Search results are a particularly sticky subject. Google, Bing, and Yahoo, for example, wish to provide the most comprehensive indexes possible. On the flip side, entertainment industry companies insist that those indexes shouldn’t help people find pirated content. If they do, it’s argued that these companies act as piracy facilitators.
This familiar battle is now underway in Russia, where Yandex is in receipt of a strongly-worded letter which accuses the search giant of being a big part of the piracy problem.
According to local publication Vedomosti, the letter is signed by Leonid Agronov, general director of the National Federation of the Music Industry, Alexei Byrdin, general director of the Internet Video Association, Sergei Selyanov, director of the Association of Film and Television Producers, and Pavel Stepanov, president of the Media Communication Union.

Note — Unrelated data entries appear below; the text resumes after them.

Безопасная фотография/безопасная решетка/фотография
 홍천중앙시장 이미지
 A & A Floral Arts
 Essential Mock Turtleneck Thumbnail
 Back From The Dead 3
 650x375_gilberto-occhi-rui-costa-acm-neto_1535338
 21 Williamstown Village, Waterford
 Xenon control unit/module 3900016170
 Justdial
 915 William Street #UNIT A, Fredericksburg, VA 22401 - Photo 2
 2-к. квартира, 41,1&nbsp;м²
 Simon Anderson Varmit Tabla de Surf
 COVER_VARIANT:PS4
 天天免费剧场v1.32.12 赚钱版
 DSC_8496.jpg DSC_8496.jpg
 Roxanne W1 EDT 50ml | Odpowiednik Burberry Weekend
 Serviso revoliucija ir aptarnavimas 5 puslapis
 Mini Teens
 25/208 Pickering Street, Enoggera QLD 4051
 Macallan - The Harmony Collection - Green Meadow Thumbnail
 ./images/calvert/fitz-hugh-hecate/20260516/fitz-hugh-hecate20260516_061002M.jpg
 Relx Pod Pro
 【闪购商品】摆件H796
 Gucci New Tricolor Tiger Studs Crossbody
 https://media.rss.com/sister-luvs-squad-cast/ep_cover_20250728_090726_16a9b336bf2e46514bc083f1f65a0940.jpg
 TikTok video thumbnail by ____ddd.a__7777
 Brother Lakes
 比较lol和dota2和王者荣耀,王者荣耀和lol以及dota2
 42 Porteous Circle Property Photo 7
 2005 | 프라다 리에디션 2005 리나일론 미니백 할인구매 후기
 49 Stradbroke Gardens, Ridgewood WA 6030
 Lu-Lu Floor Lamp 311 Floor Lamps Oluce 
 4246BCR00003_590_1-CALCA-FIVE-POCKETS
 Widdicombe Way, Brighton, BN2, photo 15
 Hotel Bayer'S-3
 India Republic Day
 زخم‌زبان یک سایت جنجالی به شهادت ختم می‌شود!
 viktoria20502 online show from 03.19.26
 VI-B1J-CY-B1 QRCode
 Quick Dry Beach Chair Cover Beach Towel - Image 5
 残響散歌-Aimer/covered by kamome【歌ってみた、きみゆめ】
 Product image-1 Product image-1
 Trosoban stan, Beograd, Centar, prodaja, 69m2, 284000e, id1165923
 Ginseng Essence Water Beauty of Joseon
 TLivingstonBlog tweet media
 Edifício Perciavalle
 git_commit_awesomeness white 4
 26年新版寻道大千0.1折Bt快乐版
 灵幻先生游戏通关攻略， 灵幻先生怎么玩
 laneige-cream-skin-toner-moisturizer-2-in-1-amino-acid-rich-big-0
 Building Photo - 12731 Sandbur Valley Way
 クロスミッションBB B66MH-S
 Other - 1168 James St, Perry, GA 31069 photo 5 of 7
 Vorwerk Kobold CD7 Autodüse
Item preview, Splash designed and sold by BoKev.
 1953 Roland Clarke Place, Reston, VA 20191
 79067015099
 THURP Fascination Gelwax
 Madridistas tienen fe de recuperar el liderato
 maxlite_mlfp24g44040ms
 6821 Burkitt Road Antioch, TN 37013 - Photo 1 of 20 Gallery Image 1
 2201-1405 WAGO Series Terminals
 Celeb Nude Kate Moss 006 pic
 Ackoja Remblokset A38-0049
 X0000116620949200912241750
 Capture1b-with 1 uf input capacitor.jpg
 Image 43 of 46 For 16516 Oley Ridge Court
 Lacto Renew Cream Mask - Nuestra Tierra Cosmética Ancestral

The entertainment giants explain that due to ‘pirate’ search results appearing in its indexes, Yandex is contributing to the growth of online piracy. They want the company to show responsibility by adopting measures to both find and remove infringing links from search and related products.
“We urge Yandex to use all available methods to detect illegal content and eliminate it both from search results and from the applications and services of Yandex,” the letter reads.
It’s suggested that Yandex should take a similar path to that taken by search companies in the UK, via the signing of a Memorandum of Understanding which declares common interests in fighting piracy.
Yandex won’t be alone, however.
A spokesman for the Media and Communications Union, which is one of the groups behind the letter, told Vedomosti that a similar letter would be sent to Google in the near future. Needless to say, Google is no stranger to these kinds of allegations, whether in Europe or the United States.
In the letter, search engines like Yandex are accused of promoting illegal resources over legal content, resulting in revenue being siphoned away from legitimate players and into the hands of criminals. The search engine is also accused of taking down material in response to demands under the DMCA, but not doing enough in Russia.
“Yandex actively cooperates with copyright holders and is working to improve the culture of legal content consumption,” the company said in a statement, adding that it actually stands to benefit from ads promoting sales of non-infringing content.
“Yandex stands for an honest Internet, in which quality legal content is available to the user and rightsholders earn from that legitimate consumption,” the company said.
Unlike in the United States under the DMCA, content isn’t as readily taken down in Russia. Yandex also opposes filtering search results, warning that the system is easily abused by rightsholders and others looking to stifle competition.
That being said, Yandex says that rightsholders are welcome to take advantage of the local site-blocking mechanism which tackles both source sites and their mirrors. With these inaccessible, ‘pirate’ search results become useless.